Is purchasing a life insurance policy a good idea for you? The short answer is it depends on your situation. Let’s begin by understanding what life insurance is.
In its simplest form, you pay premiums to the life insurance company and it pays money to your estate or your beneficiary upon your death. But let’s be clear: On average, your estate would be worth more, if, rather than buying life insurance you wisely invested the money you would have spent on premiums. If this were not true, the insurance companies would be bankrupt and they most assuredly are not. Indeed, life insurance policies are very profitable for the companies.
Think about it. The insurance company takes your premiums and invests them. Assuming you live to a normal life expectancy, the insurance company will have X number of dollars at the time of your death. Had you taken the premiums and invested them, your estate would have the same X number of dollars upon your death (assuming you invest as well as the insurance company).

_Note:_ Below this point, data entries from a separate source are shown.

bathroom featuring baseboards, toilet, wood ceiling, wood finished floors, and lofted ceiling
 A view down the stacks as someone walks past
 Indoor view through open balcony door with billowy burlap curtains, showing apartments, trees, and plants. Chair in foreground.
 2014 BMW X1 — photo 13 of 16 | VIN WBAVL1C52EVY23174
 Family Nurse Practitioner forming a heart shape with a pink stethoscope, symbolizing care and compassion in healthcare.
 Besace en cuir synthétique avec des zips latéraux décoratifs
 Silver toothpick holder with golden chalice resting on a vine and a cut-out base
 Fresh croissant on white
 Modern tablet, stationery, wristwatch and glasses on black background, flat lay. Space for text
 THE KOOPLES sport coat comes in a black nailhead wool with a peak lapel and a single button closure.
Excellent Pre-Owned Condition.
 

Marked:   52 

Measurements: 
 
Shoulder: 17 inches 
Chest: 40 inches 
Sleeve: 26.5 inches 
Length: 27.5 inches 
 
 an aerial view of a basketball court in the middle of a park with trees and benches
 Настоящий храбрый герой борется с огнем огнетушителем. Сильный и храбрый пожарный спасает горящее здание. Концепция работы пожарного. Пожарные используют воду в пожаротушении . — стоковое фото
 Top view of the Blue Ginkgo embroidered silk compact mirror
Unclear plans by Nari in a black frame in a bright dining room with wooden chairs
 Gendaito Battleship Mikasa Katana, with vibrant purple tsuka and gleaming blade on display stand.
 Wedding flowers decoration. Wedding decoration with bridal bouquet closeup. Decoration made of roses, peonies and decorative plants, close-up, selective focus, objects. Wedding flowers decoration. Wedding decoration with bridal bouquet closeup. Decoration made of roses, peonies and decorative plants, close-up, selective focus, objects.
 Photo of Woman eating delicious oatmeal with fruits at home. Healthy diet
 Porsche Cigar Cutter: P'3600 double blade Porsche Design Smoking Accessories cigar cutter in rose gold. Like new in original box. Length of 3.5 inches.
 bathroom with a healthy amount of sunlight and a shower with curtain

If you invest the premiums, your estate gets to keep all of the X dollars. However, the insurance company cannot pay your estate all of the X dollars.
It first has to pay all of its operating expenses -- the salaries of its executives, back office and administrative personnel; the rent on its big office buildings; the cost of its salesforce; etc. After that, the company has to make a profit for its shareholders.
The company can only afford to pay your estate a number that is less than X -- considerably less. For the company to remain solvent, the amount it pays your estate will be equal to X minus a pro rata share of the company’s costs and profit.
Assuming you achieve your full life expectancy and invest as well as the insurance company, your estate will be worth more if you invest the premiums rather than turning them over to the insurance company. Therefore, on average, life insurance is a bad deal -- it has to be.
Obviously, if you die sooner, the purchase of a life insurance policy is a better deal for your estate. Conversely, if you live longer, the purchase of life insurance is a worse deal for your estate. But on average, your estate will have more assets if you invested the premiums rather than giving them to the insurance company. On average, life insurance is a losing propositon.
So why should you ever sign up for a losing proposition? The answer is that you shouldn’t unless there is some financial obligation that will remain after your early death that you would have been able to fulfill had you lived to your normal life expectancy. If you are willing to pay a premium to protect your heirs from this unfortunate possibility, life insurance may be a good investment.
Let’s consider a couple of examples. You have just graduated from college. You are marrying the most wonderful person in the world. He or she is a classmate who already has a job offer. You have been accepted to a graduate school in the same town where your future spouse’s job will be. As a full-time student, you will not be working.
Many would say, “You’re getting married, you need life insurance.” We would argue you don’t. You have no income, but you do represent an expense to the family -- you eat. You are a net financial drag on the family. It may sound harsh, but the truth is if, God forbid, you died, your spouse would actually be better off financially. Therefore, a life insurance policy on you is unnecessary at this time.
Fast forward a few years. You have completed your education. You are expecting your first child. Your spouse is planning to stay at home to take care of your offspring. You have a good job and will be the sole source of income for your young family. We would agree that, at this point, life insurance for you would be very appropriate. If you were to die, you would want your family to be protected from what might otherwise be significant financial hardship.
Is life insurance appropriate for you? It all depends. If your early demise would create a significant financial hardship for your heirs, life insurance may make sense. However, even in these situations, understand that you are paying for this protection. If you live to your full life expectancy, your heirs would have been better off if you had invested the money you might have paid in premiums.